▼

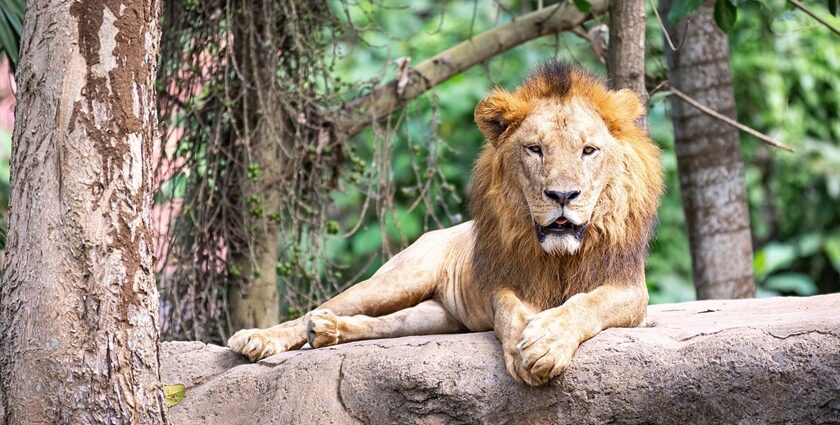 Lion sitting majestically at Bali Zoo.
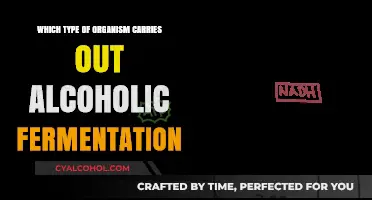 Organisms Behind Alcoholic Fermentation: Unveiling the Microbial Masters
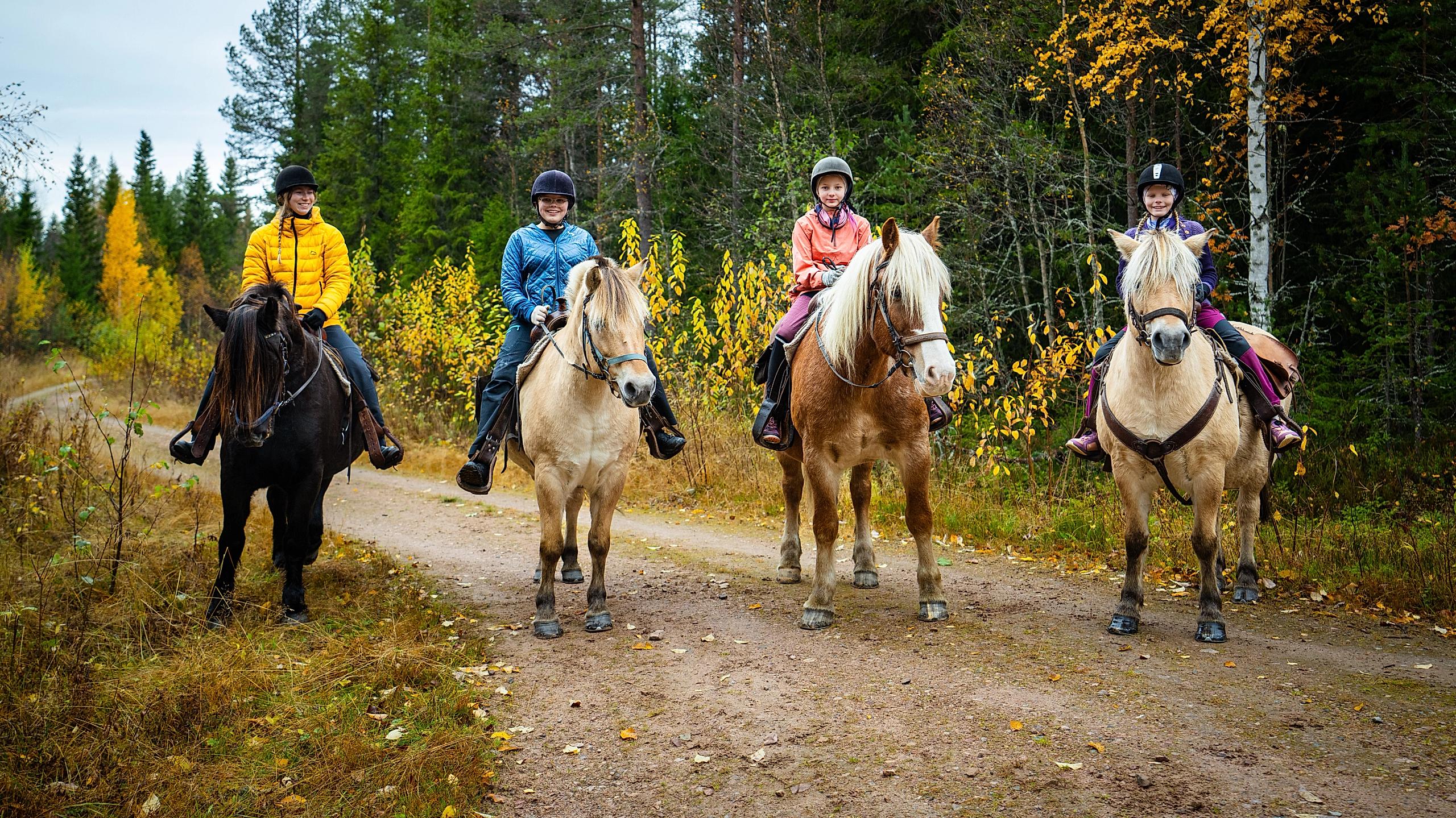 Fire personer på ridetur med Trysil hestesenter.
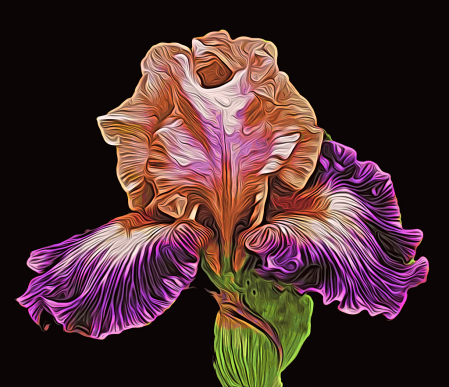 Iris Moku hanga style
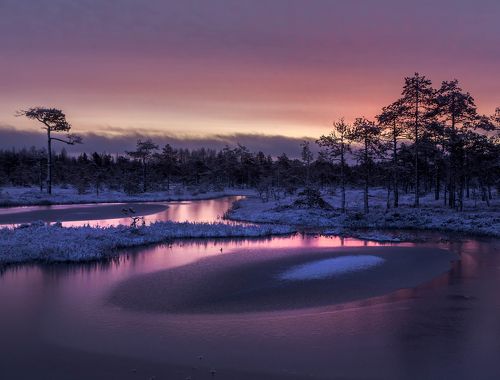 Болотное утро
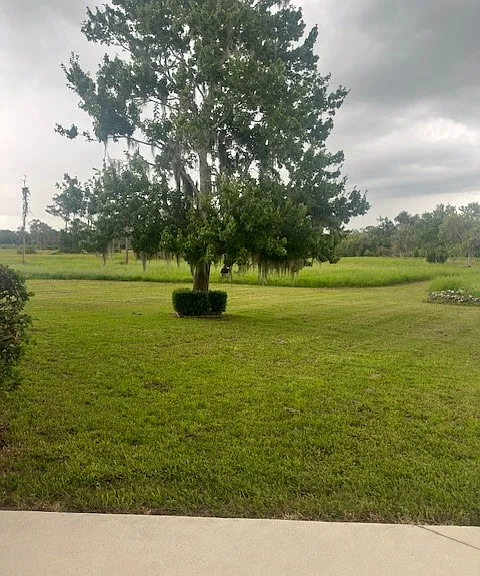 15986 Cutting Horse Trl — Photo 4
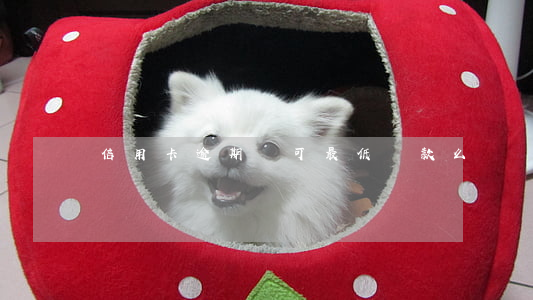 信用卡逾期還可最低還款么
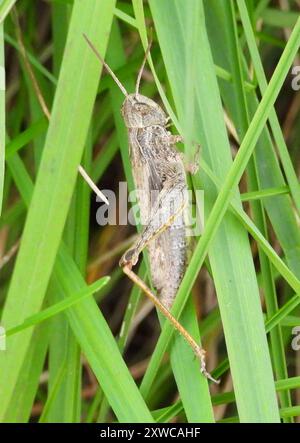 Lokomotive Grasshopper (Chorthippus apricarius) Insecta Stockfoto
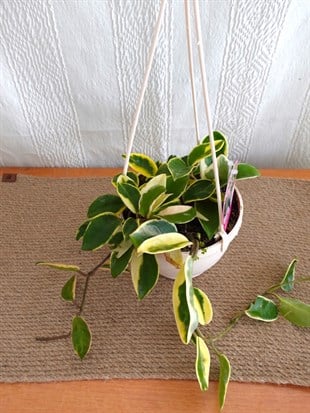Hoya Carnosa Krimson Queen Pembe Mum Çiçeği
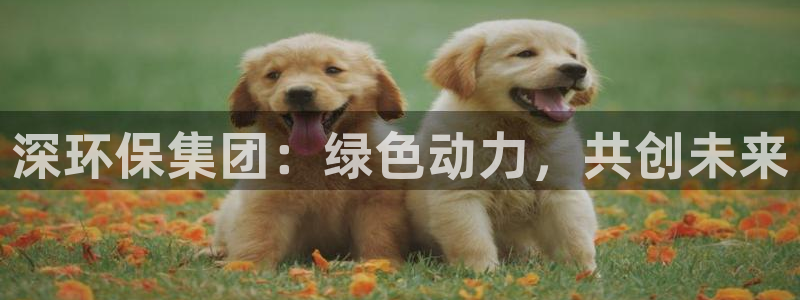 彩名堂计划怎么出的：深环保集团：绿色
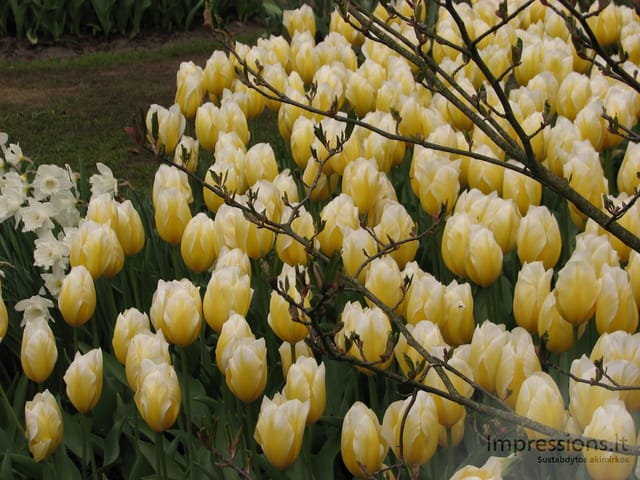 Keukenhof gėlynai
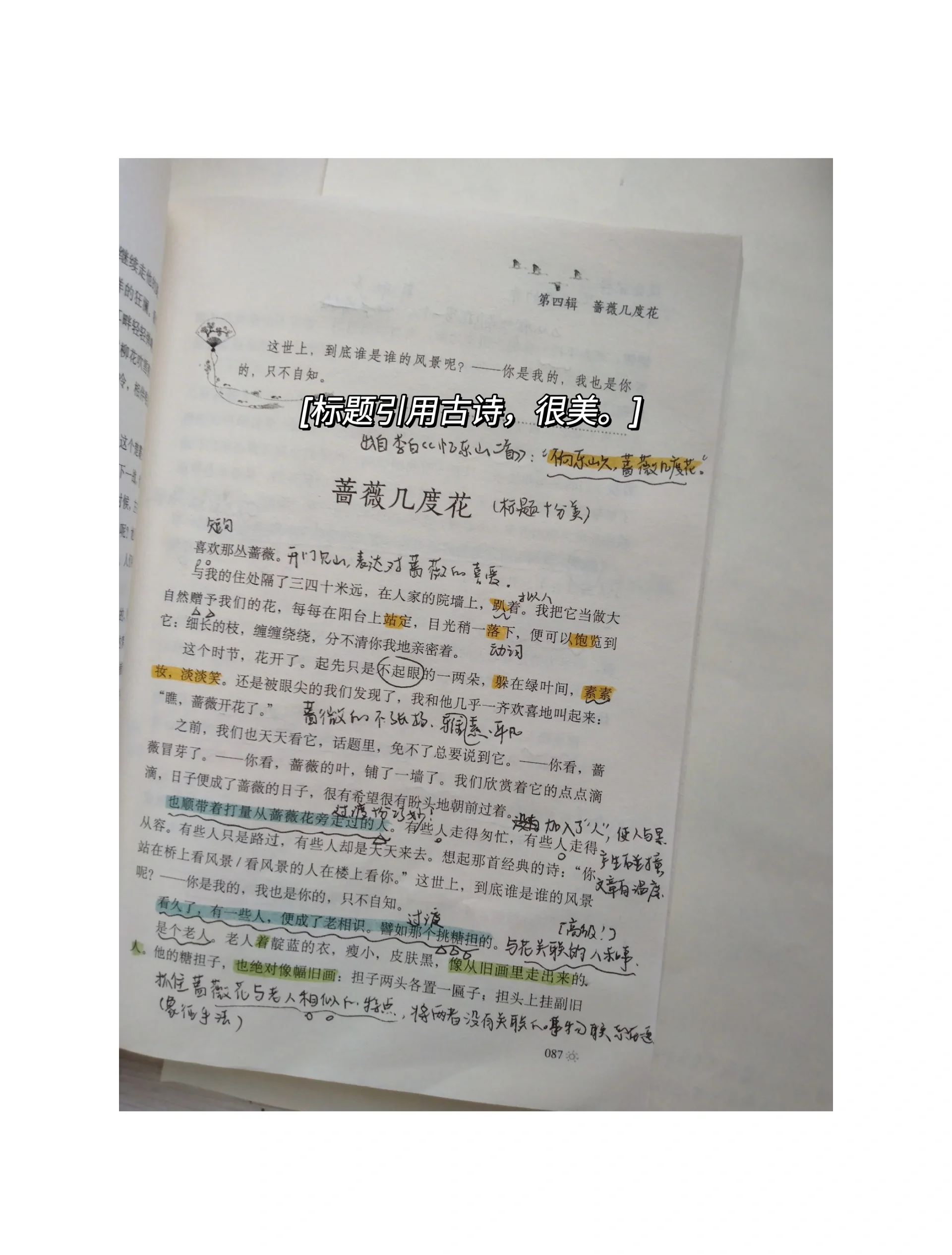 散文标题的作用有哪些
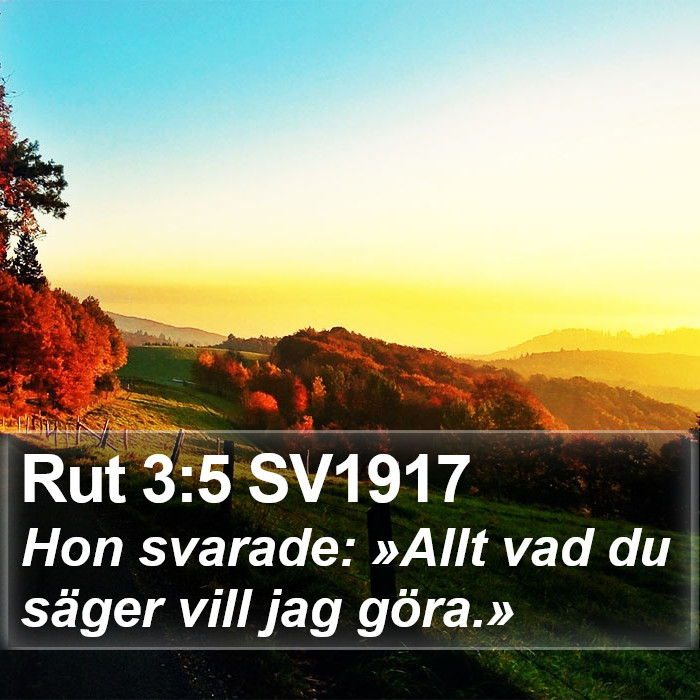 Rut 3:5 SV1917 Bible Study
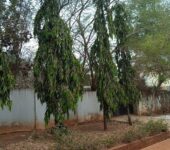 0.44 Titled Acre land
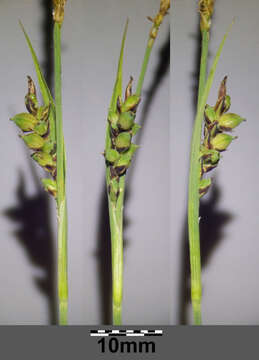 Image of carnation sedge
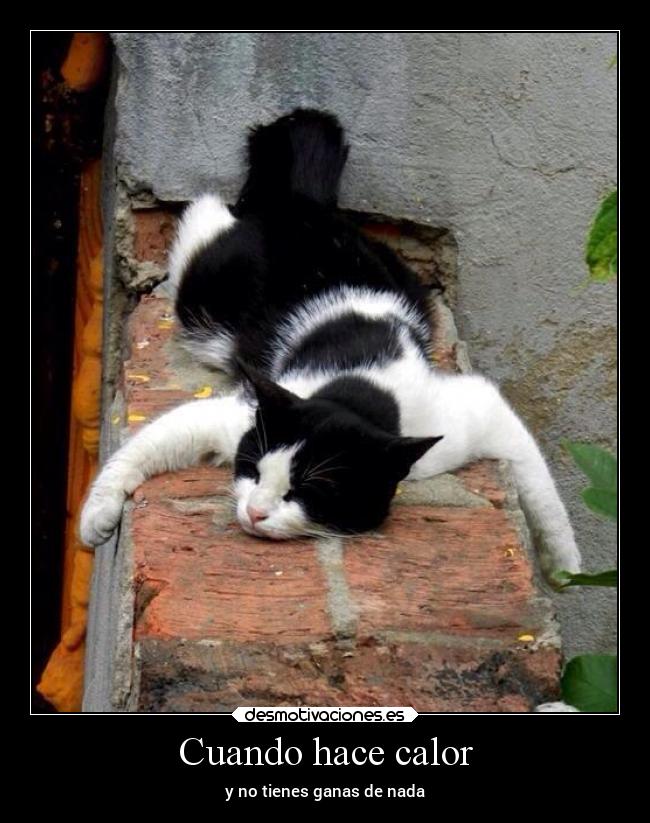 Cuando hace calor - 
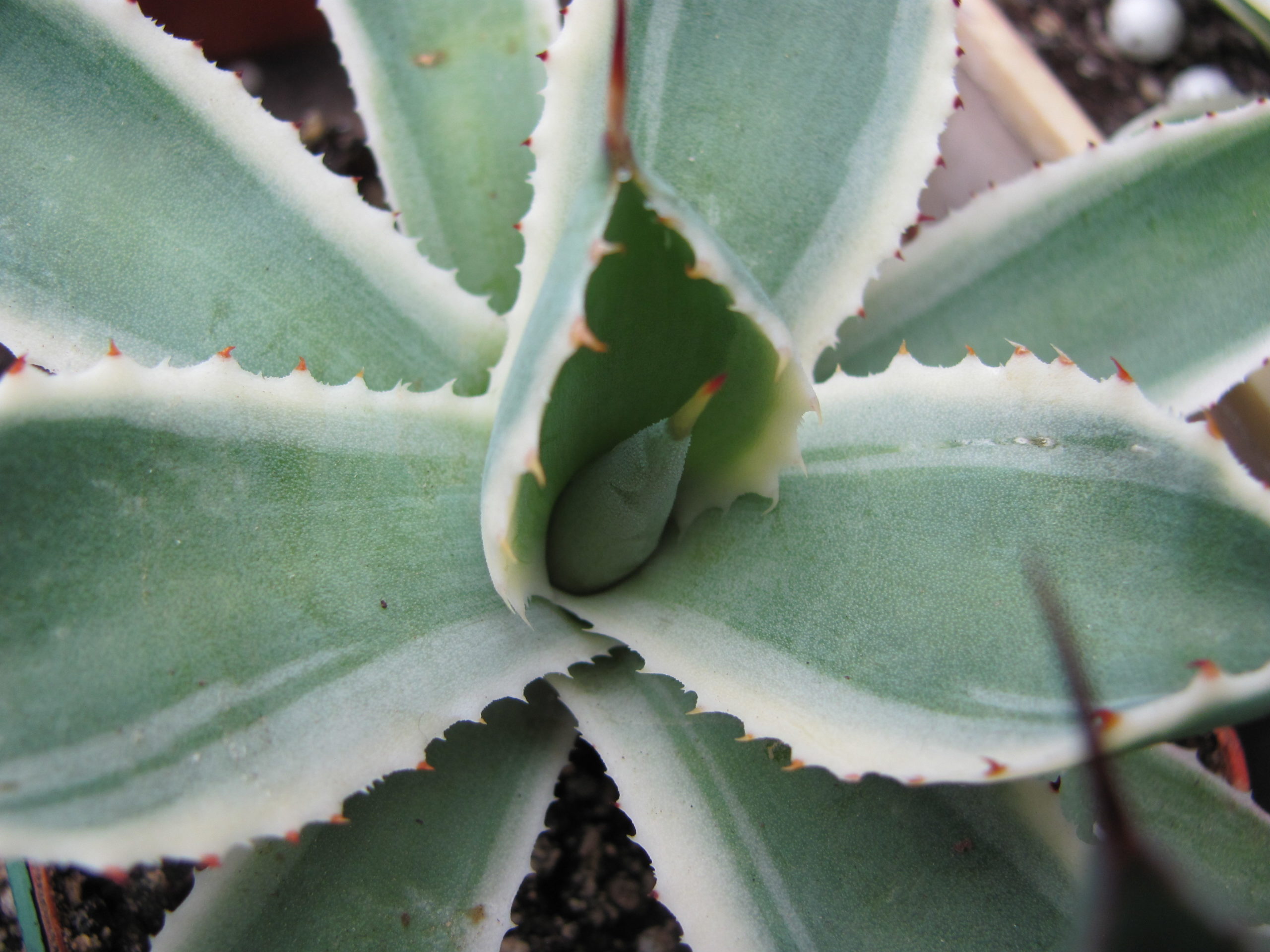 Agava   *Kissho  Kan*   variegata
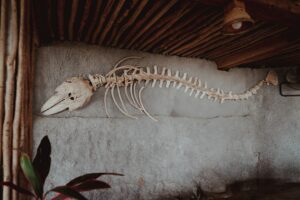 Photo Rustic decor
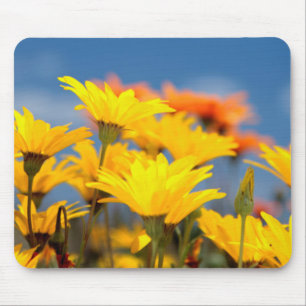 Orange And Yellow Namaqualand Daisies Mouse Mat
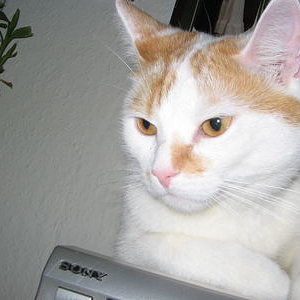 400 3732303663626465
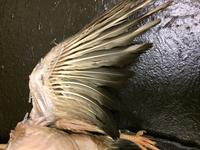 Pigeon - Image 23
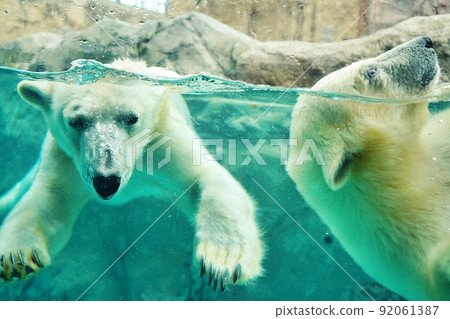 Polar bear baby and mother born at Asahiyama Zoo 92061387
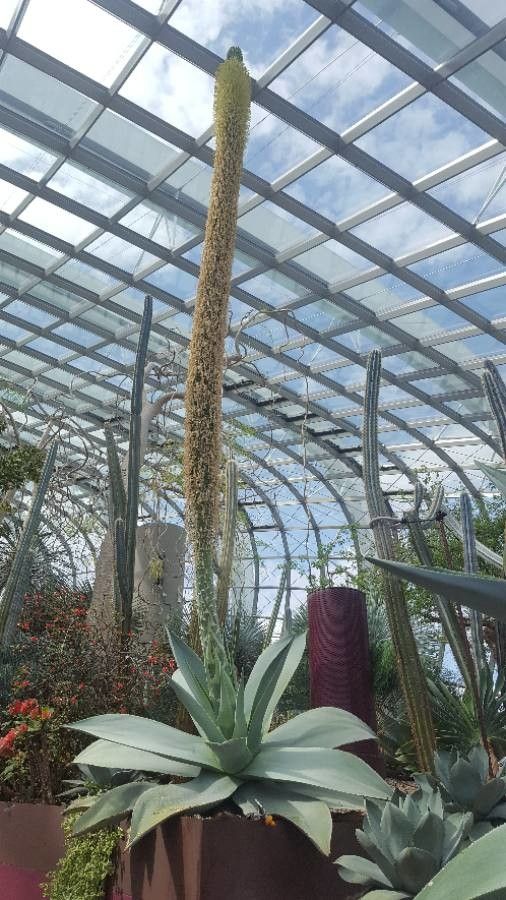 Agave guiengola flower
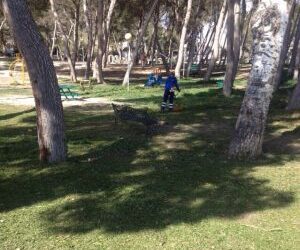 Medio Ambiente completa las acciones de prevención de la procesionaria de otoño e invierno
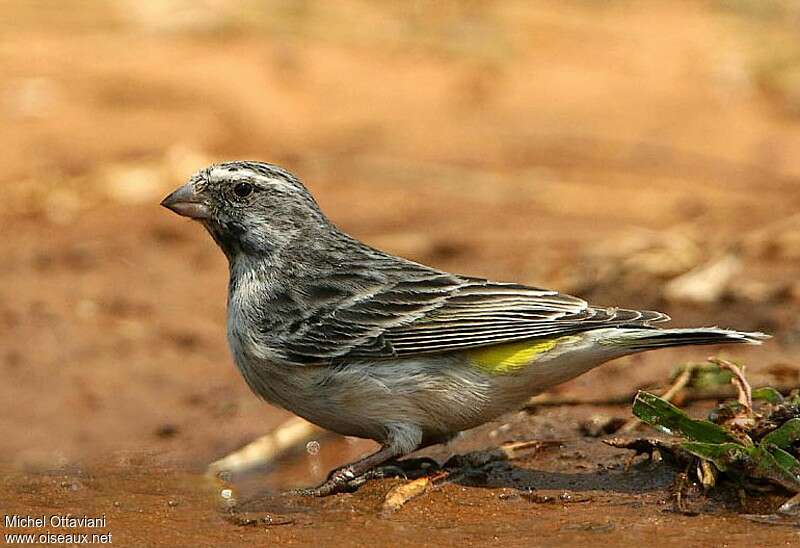 Serin à gorge noireadulte, identification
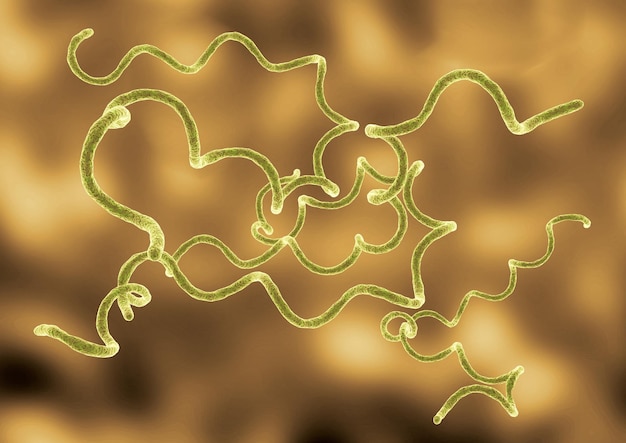 Borrelia burgdorferi ist ein Spiralbakterium, das für Borreliose verantwortlich ist und durch Zecken übertragen wird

▲

Every line of the material must be reproduced verbatim; the pictures are to be omitted.

### Exercise response
 Lion sitting majestically at Bali Zoo.
 Organisms Behind Alcoholic Fermentation: Unveiling the Microbial Masters
 Fire personer på ridetur med Trysil hestesenter.
 Iris Moku hanga style
 Болотное утро
 15986 Cutting Horse Trl — Photo 4
 信用卡逾期還可最低還款么
 Lokomotive Grasshopper (Chorthippus apricarius) Insecta Stockfoto
Hoya Carnosa Krimson Queen Pembe Mum Çiçeği
 彩名堂计划怎么出的：深环保集团：绿色
 Keukenhof gėlynai
 散文标题的作用有哪些
 Rut 3:5 SV1917 Bible Study
 0.44 Titled Acre land
 Image of carnation sedge
 Cuando hace calor - 
 Agava   *Kissho  Kan*   variegata
 Photo Rustic decor
 Orange And Yellow Namaqualand Daisies Mouse Mat
 400 3732303663626465
 Pigeon - Image 23
 Polar bear baby and mother born at Asahiyama Zoo 92061387
 Agave guiengola flower
 Medio Ambiente completa las acciones de prevención de la procesionaria de otoño e invierno
 Serin à gorge noireadulte, identification
 Borrelia burgdorferi ist ein Spiralbakterium, das für Borreliose verantwortlich ist und durch Zecken übertragen wird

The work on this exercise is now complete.